The two most important features of high-quality mentoring programs

Screen Shot 2013-08-30 at 3.34.48 PMEditor’s Note: Here is the second installment of this important report, written by mentoring expert Dr. Carla Herrera, aimed at providing funders with guidance in determining which mentoring programs to support.   Through a series of posts, we present, “Making the Most of Youth Mentoring: A Guide for Funders” Last week, Carla covered the features of quality mentoring organizations. In this post, she examines the features of excellent programs.  (Original Publisher(s): Public/Private Ventures. This work is licensed under a Creative Commons Attribution-NonCommercial 3.0 Unported License, with permissinon from the Foundation Center). by Carla Herrera, Ph.D.
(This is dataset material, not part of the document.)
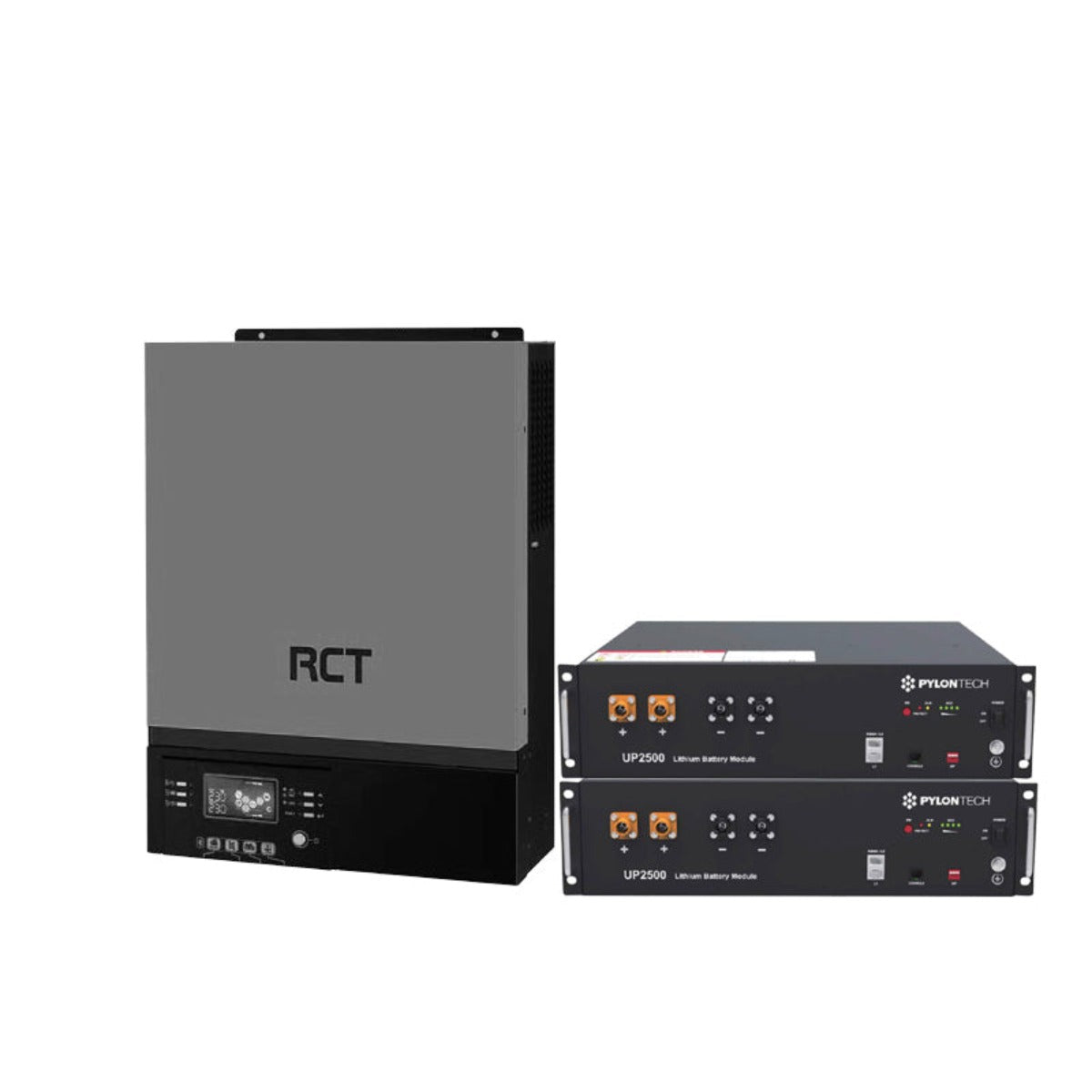 RCT 3kVA 3kW 5.6kWh 24V Lithium Back-Up Kit - Sustainable.co.za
In addition to the “parent” organization’s core features, strong mentoring programs also have specific characteristics that help them create high-quality, effective mentoring relationships. Fundamentally, these characteristics fall into two categories:

  • the idea behind the program, and
  • how that idea is implemented.

Regardless of the particular mentoring model, the following questions can go a long way toward helping funders determine if the program is a good investment. Lacking one or two of these features shouldn’t be viewed as a “deal breaker”; however lacking several, within each of these two key areas, may be cause for concern.

1. Is the idea behind the program well articulated and integrated with other program elements? (i.e., “Is it really mentoring?”)
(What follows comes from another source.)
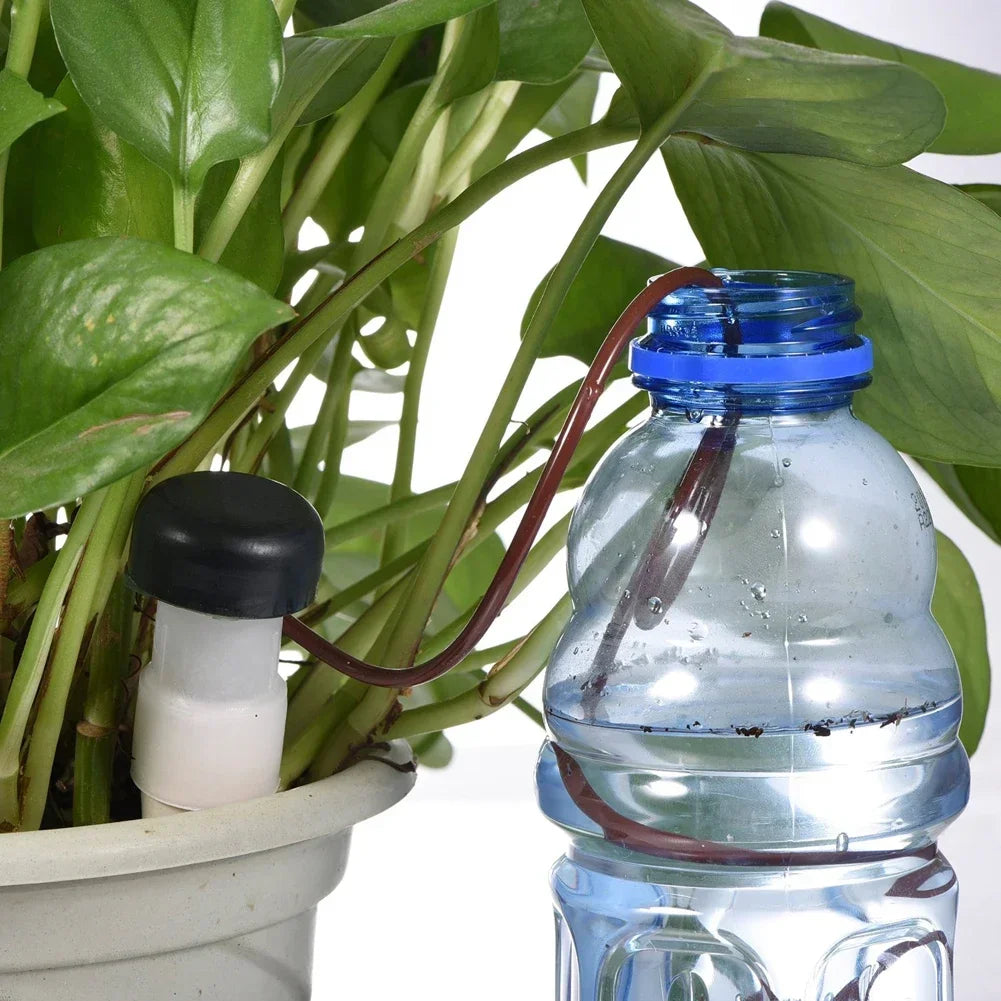 Self-Watering Drippers for Easy Indoor Plant Care - Smarsty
Many mentoring programs have a broad theory of change, but fewer have a theory of change that truly guides their work with youth—determining program goals, activities and components in a clear and logical way that reflects current research. See Figure 1, for a sample theory of change depicting one route through which a school-based mentoring program might promote changes in youth’s academic behavior and performance. Screen Shot 2013-09-10 at 10.22.25 AM                   The following checklist will help ensure that a program’s theory of change is appropriate for mentoring and that it is reflected in how the program serves youth on the ground.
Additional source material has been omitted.